BEHIND THE HEADLINES
1908: Old Age Pensions Act
In 1908, for the first time, the state made an agreement to pay a pension to the industrious, elderly poor – both men and women – without contributions. They simply had to have lived to the age of 70. The Old-Age Pensions Act was guided through the House of Commons by Lloyd George, the new Chancellor of the Exchequer, and the pension became known as the ‘Lloyd George’, but in fact he had played no part in drafting the bill. The age for the pension would most sensibly have been set at 65, but the cost of provision would have been so high the Chancellor said it would be impossible, the measure was only an experimental ‘beginning’ in the new field of state action to redress poverty, and they had to proceed cautiously.
The Act provided for state-funded old-age pensions for people who would receive five shillings a week, with seven and sixpence for married couples. The level of benefit was deliberately set low to encourage workers to also make their own provision for retirement. Conservative leaders favoured a contributory benefit but many of their backbenchers voted for this Liberal measure.
In order to be eligible, people had to have an income of less than £31 and 10 shillings per year.
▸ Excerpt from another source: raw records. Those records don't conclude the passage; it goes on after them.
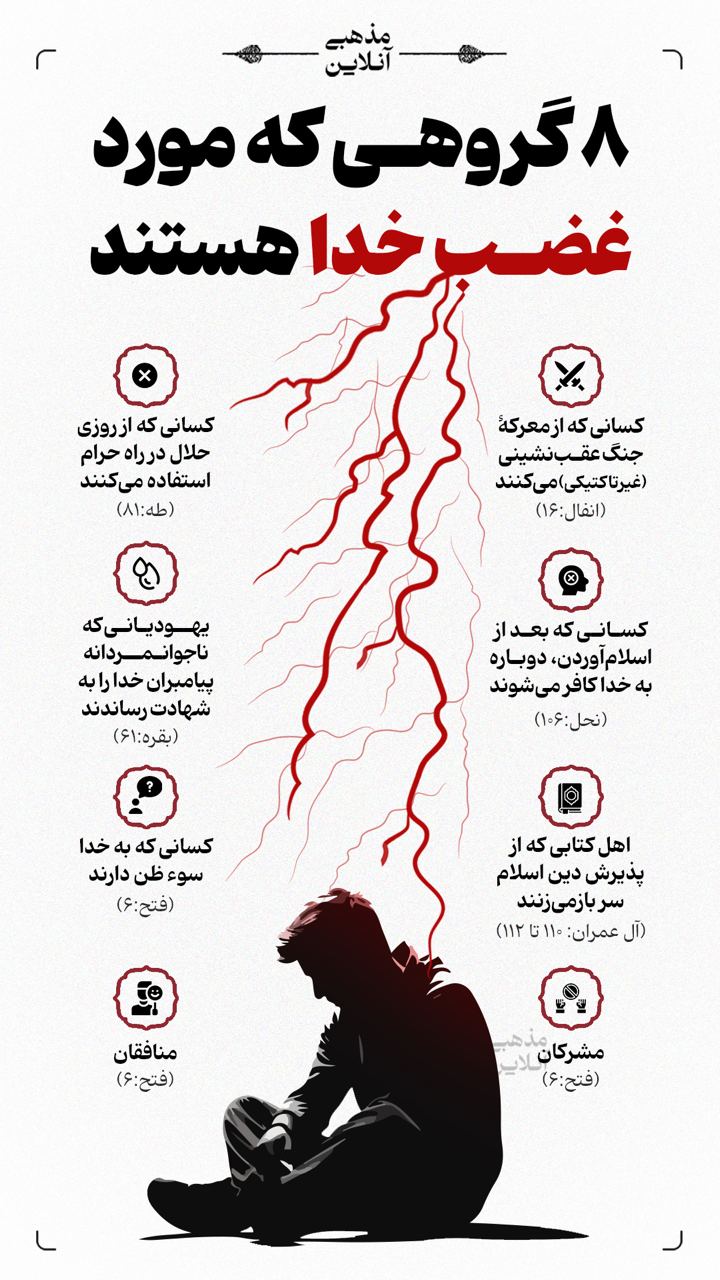 8 گروهی که مورد غضب خدا هستند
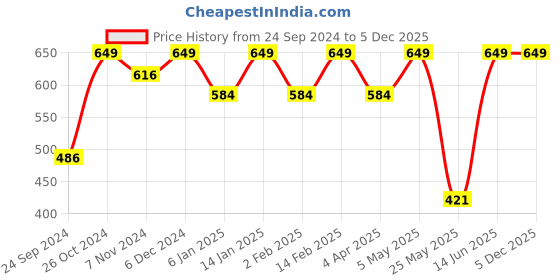 myntra.com Shining Diva Gold Plated Classic Jhumkas Earrings shining diva Price History Graph from 24 Sep 2024 to 5 Dec 2025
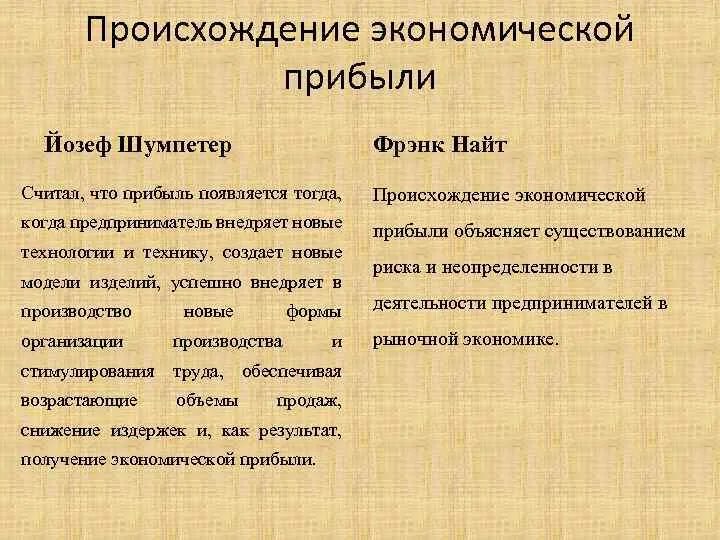 Экономического происхождение слова. Происхождение экономики. Прибыль Фрэнк Найт. Прибыль как появилась. Откуда берется прибыль.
They also had to pass a ‘character test’, which excluded many: those in receipt of poor relief; ‘lunatics’ residing in asylums; people who had been in prison (including imprisonment for drunkenness) – for ten years after their release; and any person who was guilty of ‘habitual failure to work’. Also ineligible were ‘aliens’ and their wives, thus excluding immigrants who had not taken out British citizenship.